[albert180]

From the guys that got their Azure Master Key stolen due to gross incompetence. That's funny

[pcdevils]

Same company that ran it's 'container services' on an ancient version of kubernetes with broken isolation

[geraldhh]

containers are for packaging and deployment NOT for isolation

[adrian_b]

In this case, that does not prove much.

For big companies like Microsoft it is normal to have both some employees who may be security experts and also thousands of others who not only are ignorant about security but they also do not seek the advice of those who may be more knowledgeable.

So without other information, the fact that some document about security comes from Microsoft cannot be used to guess anything about whether it is valuable or not.

[blibble]

also the Russians got into their senior executives email accounts via some test account by brute forcing passwords

https://www.theverge.com/2024/1/26/24051708/microsoft-hack-r...

[b0ner_t0ner]

The company that had poor security practices for their Azure Cosmos DB cluster.

[probably_satan]

Haha. This. Except it wasn't stolen they flat out gave it away and sold out America to China.
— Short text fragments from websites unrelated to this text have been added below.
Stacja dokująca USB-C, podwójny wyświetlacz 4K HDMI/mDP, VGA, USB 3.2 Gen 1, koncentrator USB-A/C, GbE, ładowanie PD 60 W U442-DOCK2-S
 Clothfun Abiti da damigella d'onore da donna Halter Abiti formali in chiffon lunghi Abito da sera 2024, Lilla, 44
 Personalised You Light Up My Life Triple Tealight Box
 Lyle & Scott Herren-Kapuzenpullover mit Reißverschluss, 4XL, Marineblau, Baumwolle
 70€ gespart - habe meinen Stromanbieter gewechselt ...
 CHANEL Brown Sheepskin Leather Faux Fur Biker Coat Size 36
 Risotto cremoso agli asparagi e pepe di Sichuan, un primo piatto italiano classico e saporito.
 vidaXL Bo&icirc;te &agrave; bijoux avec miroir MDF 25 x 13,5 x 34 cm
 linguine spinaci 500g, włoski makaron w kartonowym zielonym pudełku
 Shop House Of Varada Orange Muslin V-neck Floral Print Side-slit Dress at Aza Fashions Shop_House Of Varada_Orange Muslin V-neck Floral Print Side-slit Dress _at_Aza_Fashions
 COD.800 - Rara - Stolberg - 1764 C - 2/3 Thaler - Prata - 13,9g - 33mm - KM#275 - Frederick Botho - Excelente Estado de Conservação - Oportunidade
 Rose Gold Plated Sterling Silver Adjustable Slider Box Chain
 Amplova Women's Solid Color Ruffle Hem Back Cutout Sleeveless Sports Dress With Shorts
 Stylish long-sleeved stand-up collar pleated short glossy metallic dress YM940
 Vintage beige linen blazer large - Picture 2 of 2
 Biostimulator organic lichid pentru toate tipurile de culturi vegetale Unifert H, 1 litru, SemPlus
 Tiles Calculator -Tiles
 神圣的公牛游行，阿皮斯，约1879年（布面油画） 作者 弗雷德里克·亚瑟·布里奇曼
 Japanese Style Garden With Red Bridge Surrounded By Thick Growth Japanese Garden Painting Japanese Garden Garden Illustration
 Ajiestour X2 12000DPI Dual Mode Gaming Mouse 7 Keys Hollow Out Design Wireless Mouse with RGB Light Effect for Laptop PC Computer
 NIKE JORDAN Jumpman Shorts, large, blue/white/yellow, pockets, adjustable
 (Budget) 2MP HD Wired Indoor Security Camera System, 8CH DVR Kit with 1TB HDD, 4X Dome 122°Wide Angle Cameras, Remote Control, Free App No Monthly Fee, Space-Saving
That's why they put so much effort into trying to spin Microsoft as some forward fighter in infosec these days even though anyone with a half of a brain knows that Microsoft is the greatest liability in security/democracy and engaged in espionage against the US. They should stick to what they do best, steal other people's ideas/concepts/some current trend in tech, try and rebrand it as a Microsoft thing and weaponize litigation to capitalize on it.

[iJohnDoe]

There is no doubt Microsoft is in cahoots with all US 3 letter agencies. They have connections and systems in place to make it easy for data collection.

However, I don’t think I ever heard of Microsoft engaged in espionage against the US. Elaborate?

[zare_st]

Organization proven to use and abuse the security via obscurity model.